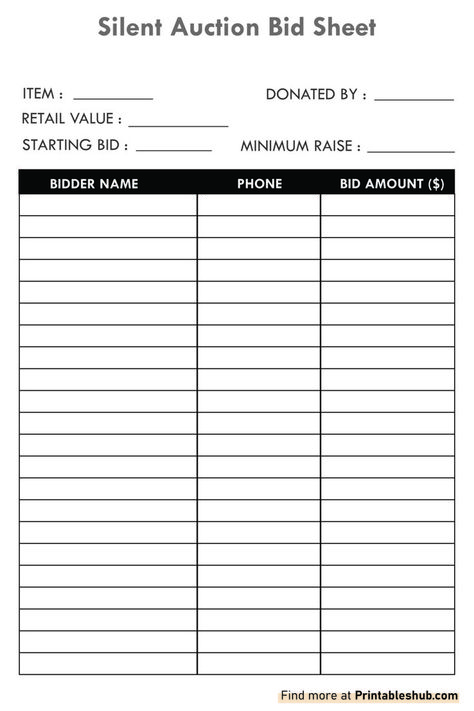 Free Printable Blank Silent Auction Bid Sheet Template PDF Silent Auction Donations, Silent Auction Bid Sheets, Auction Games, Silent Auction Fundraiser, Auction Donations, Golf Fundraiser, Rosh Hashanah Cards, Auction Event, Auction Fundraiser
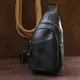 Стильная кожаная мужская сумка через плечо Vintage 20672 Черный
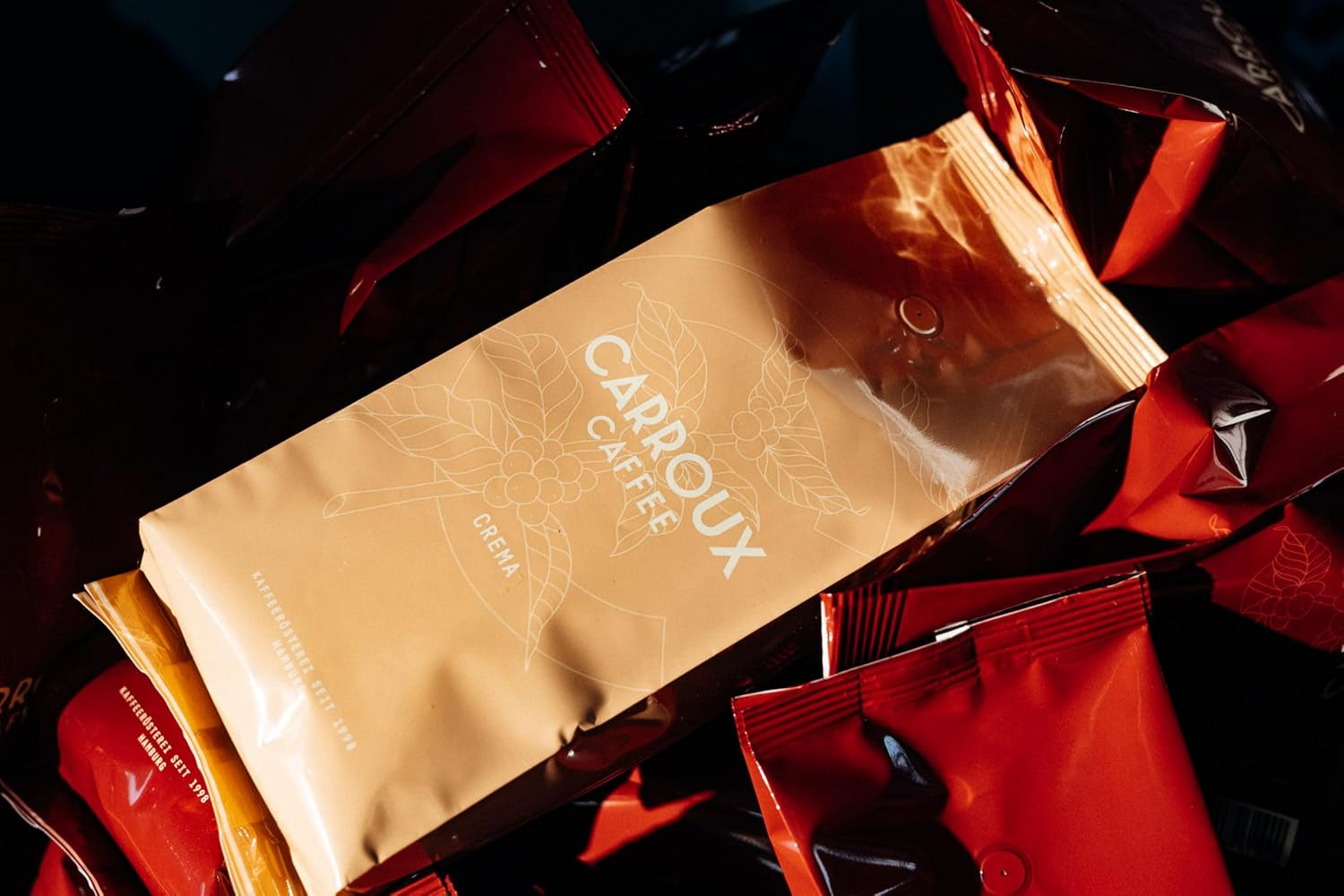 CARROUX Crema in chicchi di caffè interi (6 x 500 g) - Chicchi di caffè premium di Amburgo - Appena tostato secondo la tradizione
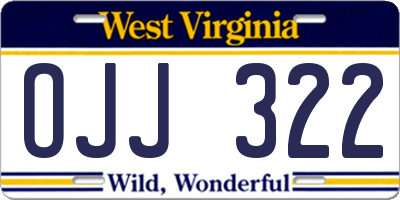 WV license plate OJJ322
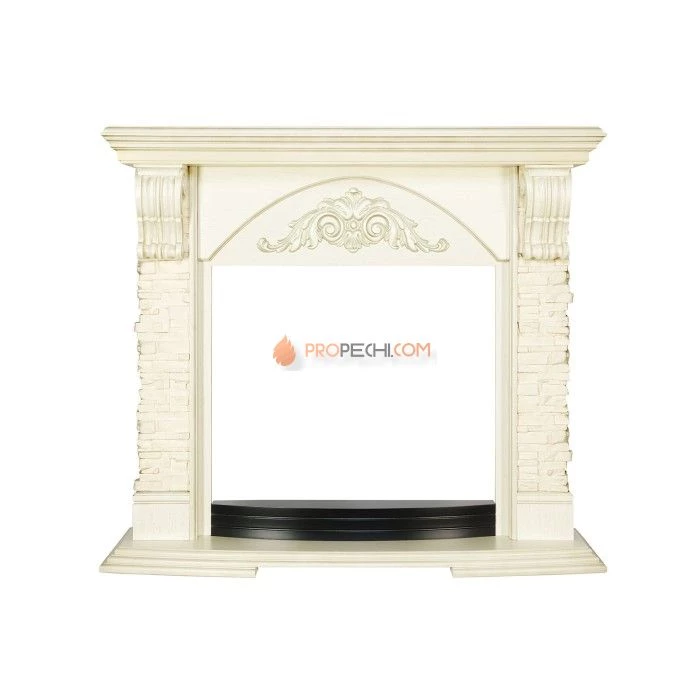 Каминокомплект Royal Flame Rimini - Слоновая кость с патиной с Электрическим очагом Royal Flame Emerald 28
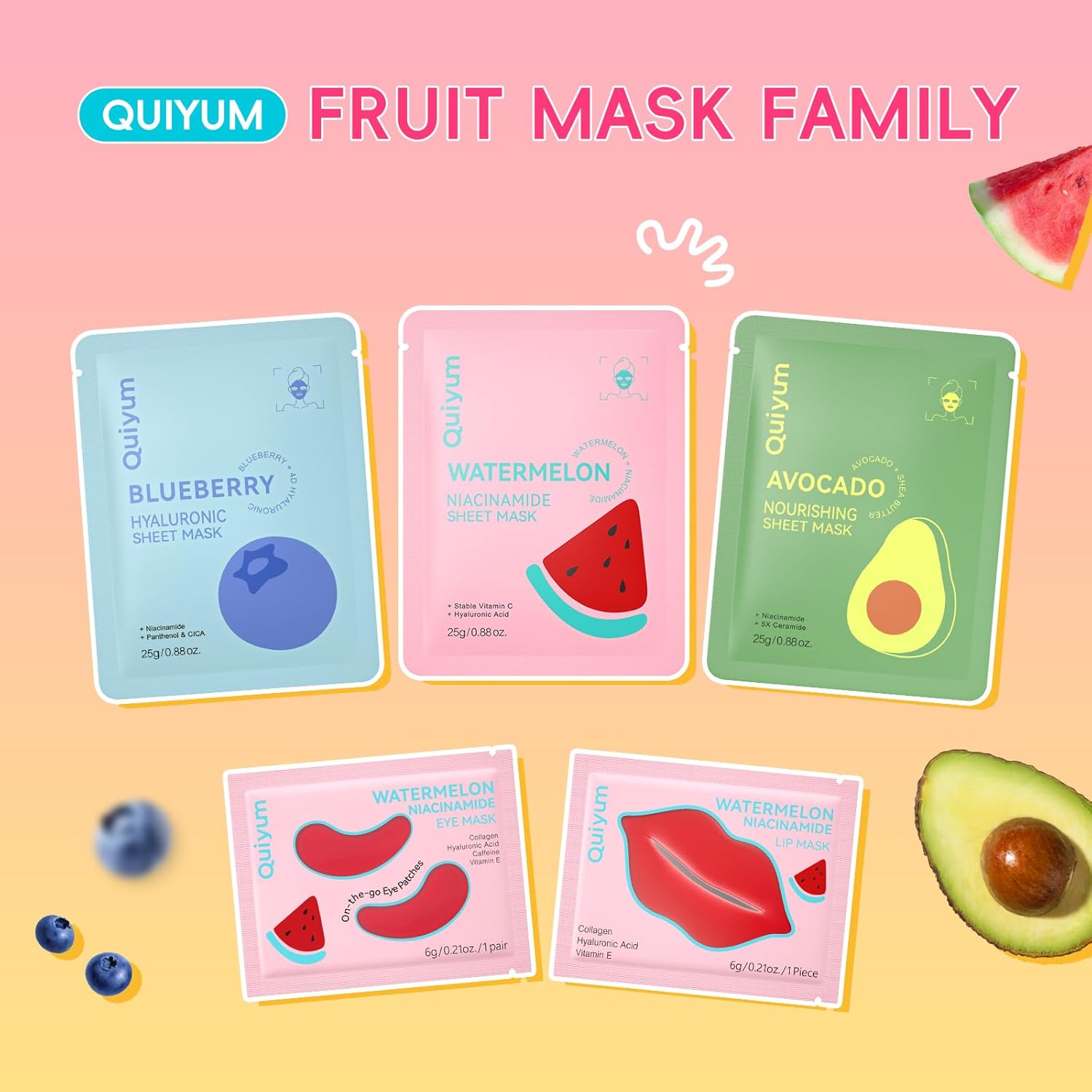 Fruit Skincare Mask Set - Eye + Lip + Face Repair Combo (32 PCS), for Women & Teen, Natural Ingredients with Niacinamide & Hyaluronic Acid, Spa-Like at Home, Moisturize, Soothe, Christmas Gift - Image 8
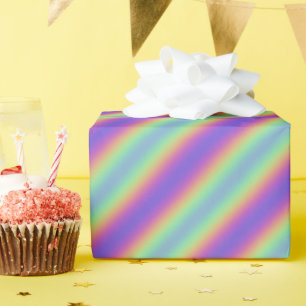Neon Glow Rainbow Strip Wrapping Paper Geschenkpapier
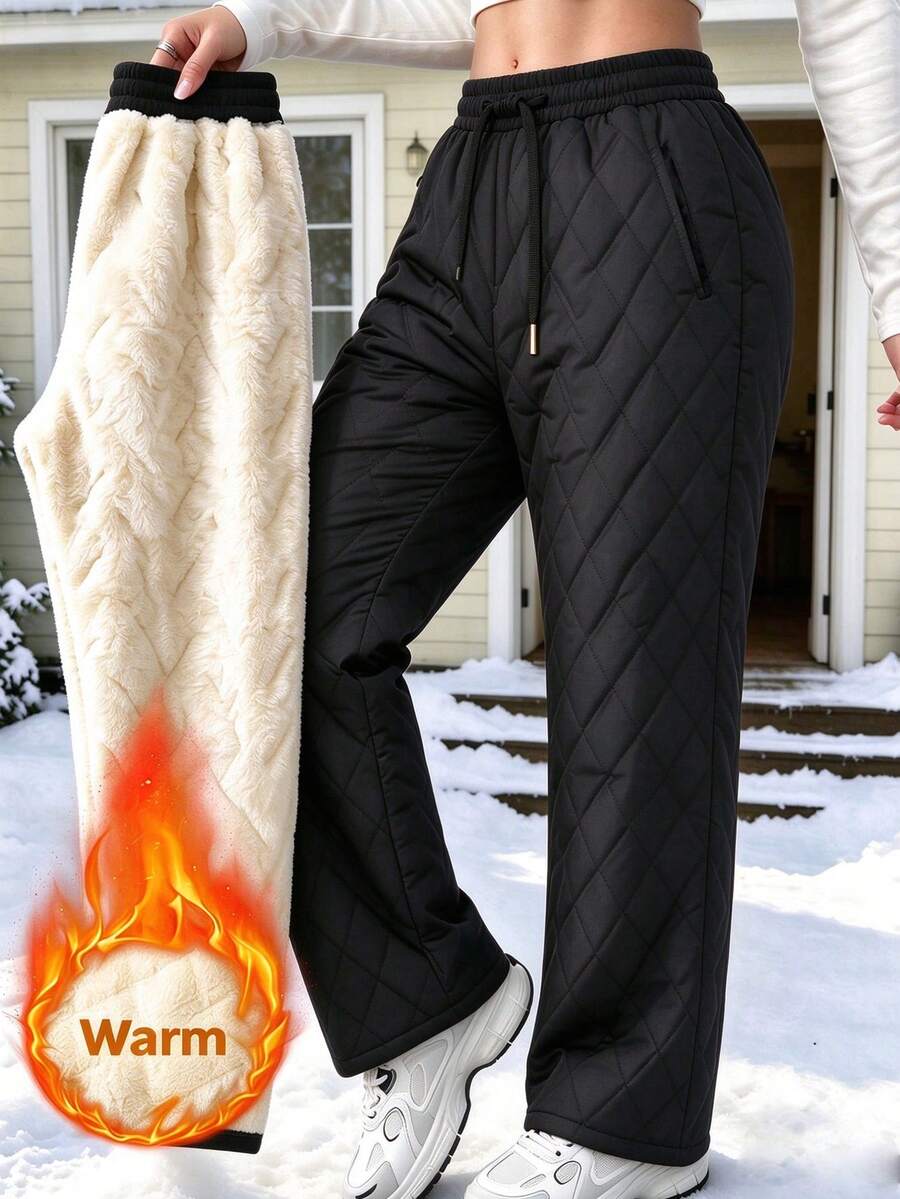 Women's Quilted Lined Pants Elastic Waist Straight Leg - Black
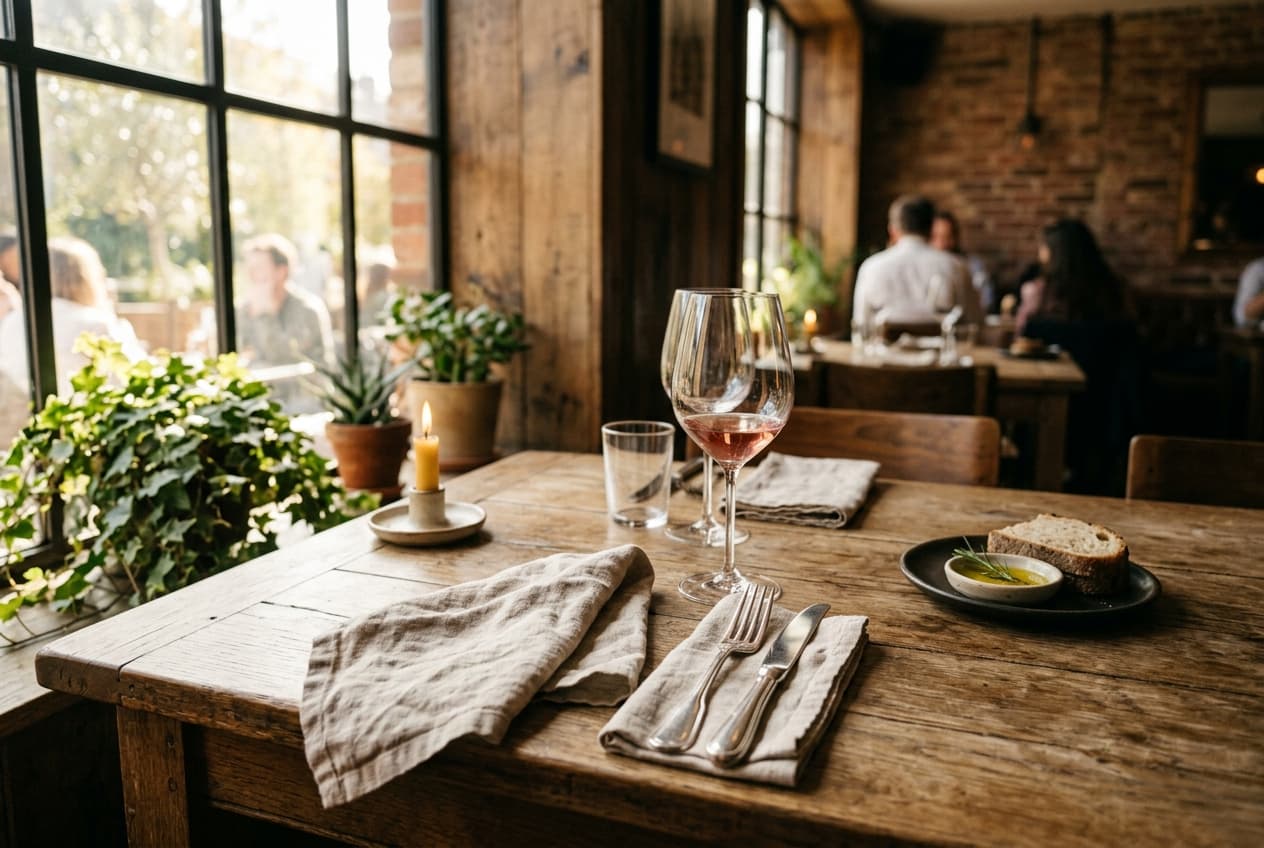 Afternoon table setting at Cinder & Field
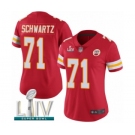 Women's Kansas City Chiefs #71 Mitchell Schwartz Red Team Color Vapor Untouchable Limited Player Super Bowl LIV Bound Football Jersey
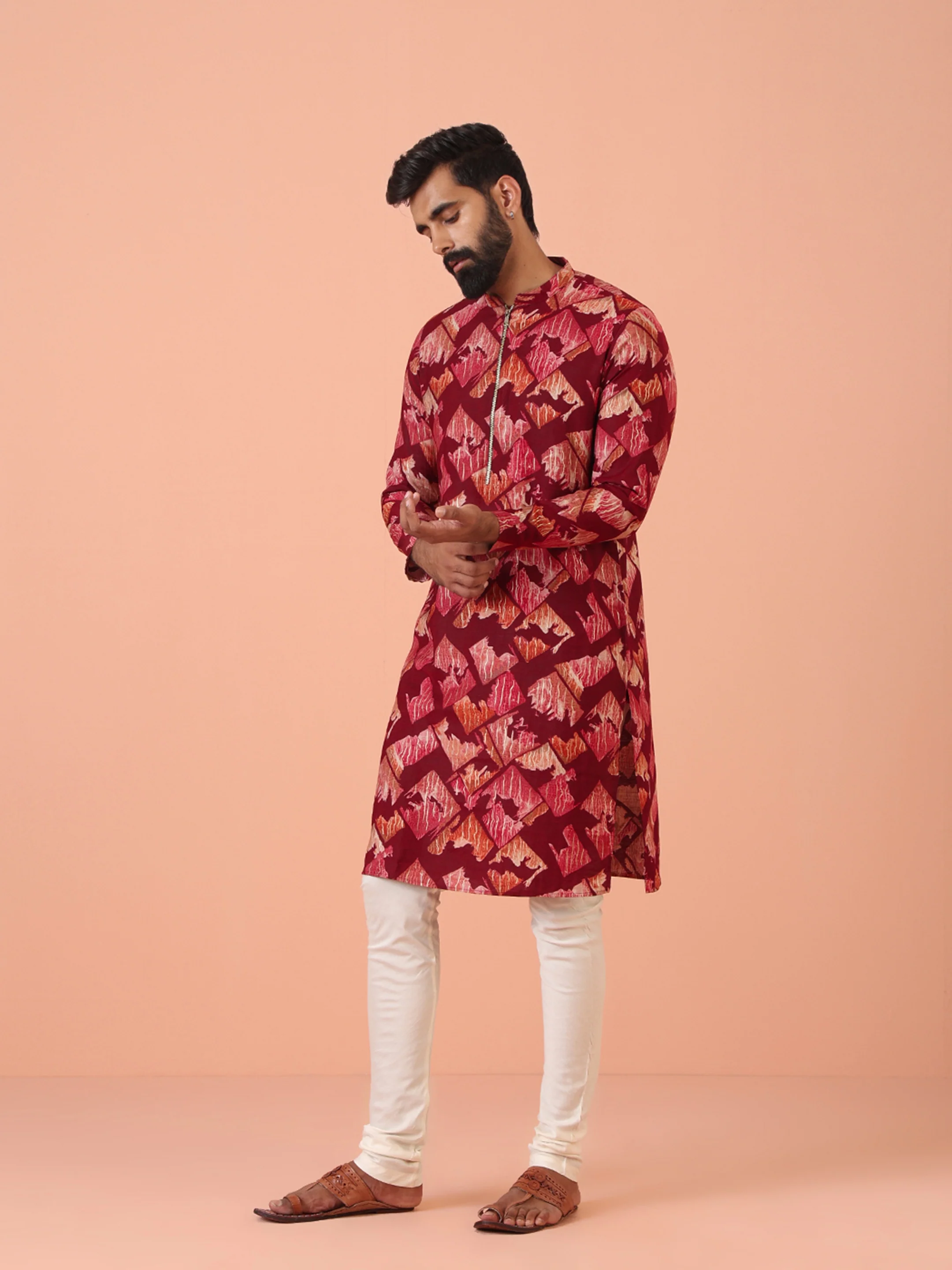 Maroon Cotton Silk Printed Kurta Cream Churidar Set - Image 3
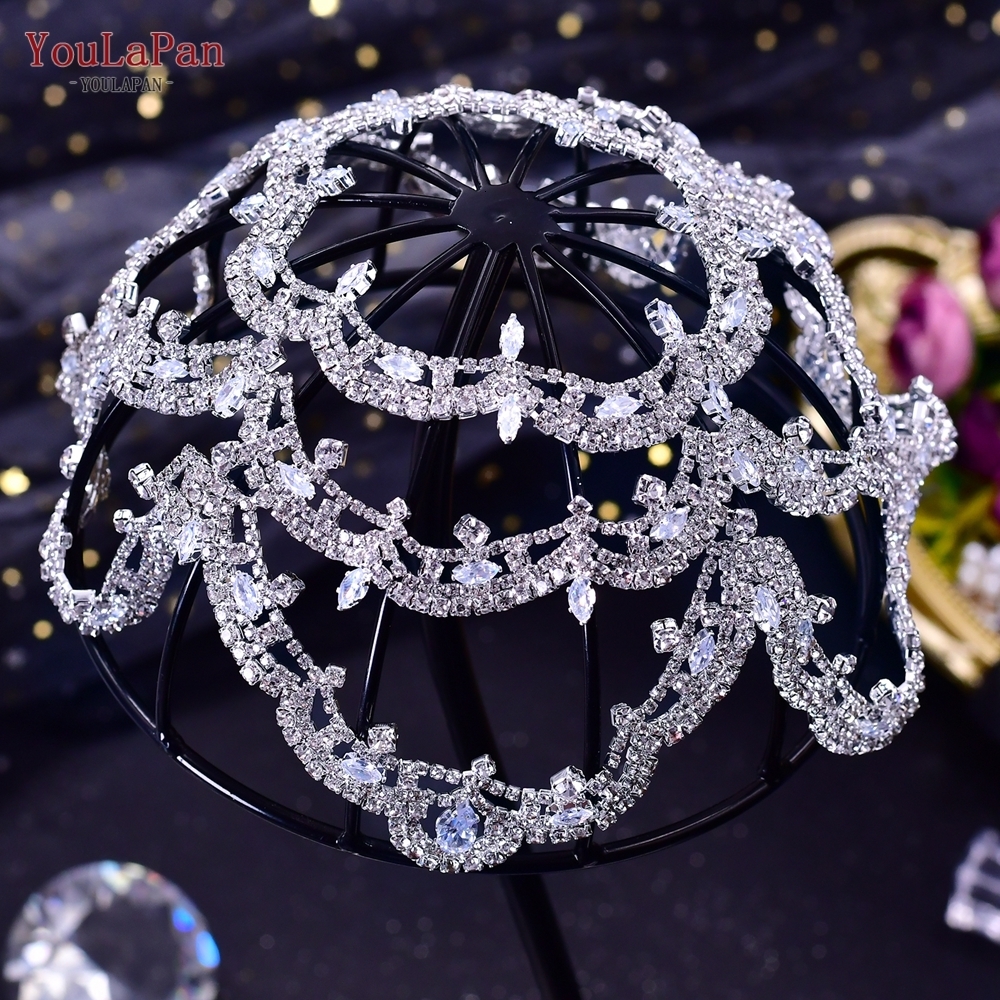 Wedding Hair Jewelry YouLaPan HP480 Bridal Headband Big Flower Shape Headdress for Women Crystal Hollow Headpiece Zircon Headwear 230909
════
### Work request
Return the records word for word, leaving every picture out of the copy.

### Reply
 Free Printable Blank Silent Auction Bid Sheet Template PDF Silent Auction Donations, Silent Auction Bid Sheets, Auction Games, Silent Auction Fundraiser, Auction Donations, Golf Fundraiser, Rosh Hashanah Cards, Auction Event, Auction Fundraiser
 Стильная кожаная мужская сумка через плечо Vintage 20672 Черный
 CARROUX Crema in chicchi di caffè interi (6 x 500 g) - Chicchi di caffè premium di Amburgo - Appena tostato secondo la tradizione
 WV license plate OJJ322
 Каминокомплект Royal Flame Rimini - Слоновая кость с патиной с Электрическим очагом Royal Flame Emerald 28
 Fruit Skincare Mask Set - Eye + Lip + Face Repair Combo (32 PCS), for Women & Teen, Natural Ingredients with Niacinamide & Hyaluronic Acid, Spa-Like at Home, Moisturize, Soothe, Christmas Gift - Image 8
Neon Glow Rainbow Strip Wrapping Paper Geschenkpapier
 Women's Quilted Lined Pants Elastic Waist Straight Leg - Black
 Afternoon table setting at Cinder & Field
 Women's Kansas City Chiefs #71 Mitchell Schwartz Red Team Color Vapor Untouchable Limited Player Super Bowl LIV Bound Football Jersey
 Maroon Cotton Silk Printed Kurta Cream Churidar Set - Image 3
 Wedding Hair Jewelry YouLaPan HP480 Bridal Headband Big Flower Shape Headdress for Women Crystal Hollow Headpiece Zircon Headwear 230909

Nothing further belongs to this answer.